Nasza przygoda dobiegła końca już jakiś czas temu. Każde z miejsc zostawiło jakiś swój obraz w naszej pamięci. Yangshuo - piękne widoki. GuiLin - mnóstwo skuterów i motocykli. Shanghai - nowoczesność i ogrom. (Tam dopiero można się przekonać, co znaczy "wielkie blokowisko".) Kangding - zimno, wysoko i z surową przyrodą. W podróży spotkałyśmy ludzi z różnych stron świata, niemal ze wszystkich kontynentów. Minęły już prawie dwa lata. To najwyższy czas, by podsumować ten wyjazd. To nasza ostatnia notka. Najdłuższa, bo podsumowująca.
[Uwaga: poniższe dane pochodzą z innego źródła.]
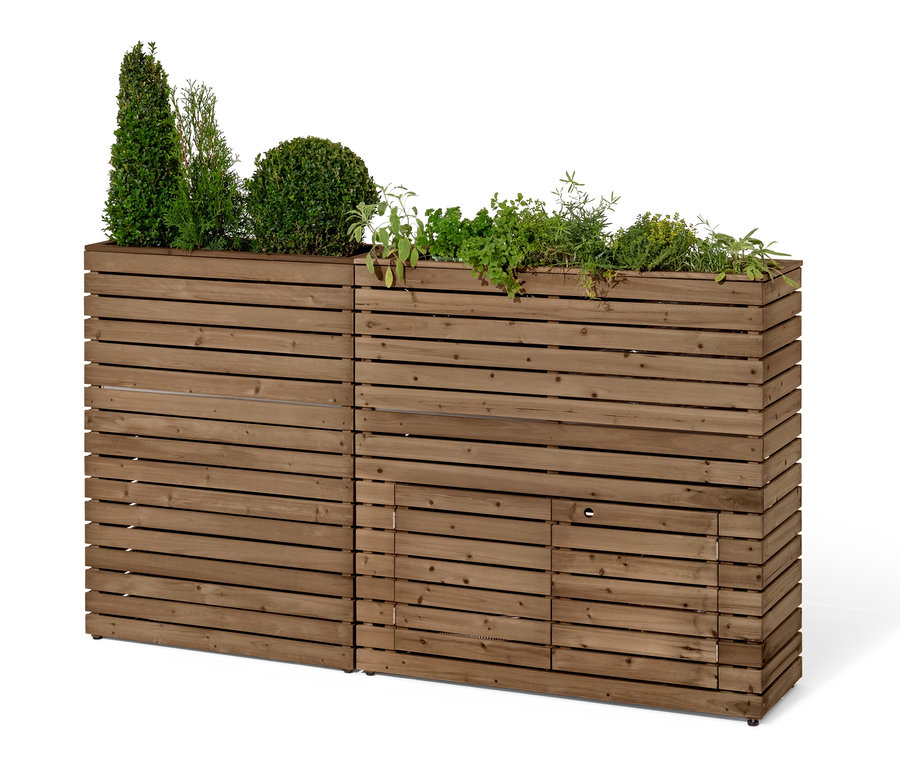 Deux jardinières marron »Tinus« avec rangement et plantes.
We achieved most of our goals. But not all of them. For example, in Chengdu the tomb was guarded too well so we didn't manage to get in, not even for a short while. Neither did we manage to try on the traditional clothes in the Tibetan district of Chengdu...
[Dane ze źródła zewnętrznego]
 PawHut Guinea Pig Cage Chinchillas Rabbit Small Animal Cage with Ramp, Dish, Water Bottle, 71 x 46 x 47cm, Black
The journey supported us with many experiences and impressions and it made some of our misperceptions dissipate. Once, in ancient times, when U began to explore the secrets of the ancient art of space arranging - Feng Shui - China seemed to be a model, an unattained ideal, a source of inspiration and ideas. One could expect that staying in the Middle Kingdom will dispel any doubts and answer questions that arose back then. Well... when we left tourist places, we rather saw dingy hovels and no traces of this art that is known here as "an everyday life element of the Chinese people".
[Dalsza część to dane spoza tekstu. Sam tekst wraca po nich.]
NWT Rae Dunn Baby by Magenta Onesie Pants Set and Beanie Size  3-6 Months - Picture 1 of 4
Zrealizowałyśmy większość zamierzeń. Ale nie wszystkie. Np. w Chengdu za bardzo strzegli grobowca i nie udało się choćby na chwilę tam zajrzeć, a w tybetańskiej dzielnicy Chengdu nie udało nam się przymierzyć tamtejszych tradycyjnych strojów...

Podróż dostarczyła nam wielu wrażeń i rozwiała pewne fałszywe wyobrażenia. Kiedyś, w zamierzchłych czasach, kiedy to U zaczynała zgłębiać tajniki sztuki aranżowania przestrzeni - Feng Shui - Chiny jawiły się jako wzorzec, niedościgniony ideał, źródło inspiracji i pomysłów. Można się było spodziewać, że pobyt w Państwie Środka rozwieje wątpliwości i odpowie na zadawane sobie wtedy pytania. Cóż, kiedy opuszczałyśmy turystyczne miejsca, widziałyśmy raczej obskurne rudery i zero śladów tej sztuki, którą określa się u nas jako "codzienny element życia Chińczyków".

 


Another thing about architecture - toilets. The most "hardcore" one was the one that we saw on our way to Kangding: no walls - when you enter you see exposed asses... Sticking out in order to meet their physiological needs, obviously. Noone is disturbed by such a view, neither by joint use of such a toilet. Everything takes place over a sort of a channel in the floor that stretches and winds across the whole building and one can see what ran down from the first "post". In the picture here - a similar toilet (near the caves that we liked so much), but this one at least had the walls.

Inna rzecz o architekturze - toalety. Najbardziej "hardkorowa" to ta, którą widziałyśmy po drodze do Kangdingu: bez ścianek - jak się wchodzi, to na widoku wypięte gołe tyłki. Wypięte oczywiście w celu załatwienia potrzeb fizjologicznych i nikomu nie przeszkadza taki widok, ani wspólne korzystanie z takiej toalety. Całość odbywa się nad swego rodzaju kanałem w podłodze, który ciągnie się i wije przez całe pomieszczenie i można nawet popatrzeć co spłynęło od pierwszego "stanowiska". Na zdjęciu tutaj - podobna toaleta (niedaleko jaskiń, które tak nam się podobały), ale ta akurat przynajmniej miała ścianki.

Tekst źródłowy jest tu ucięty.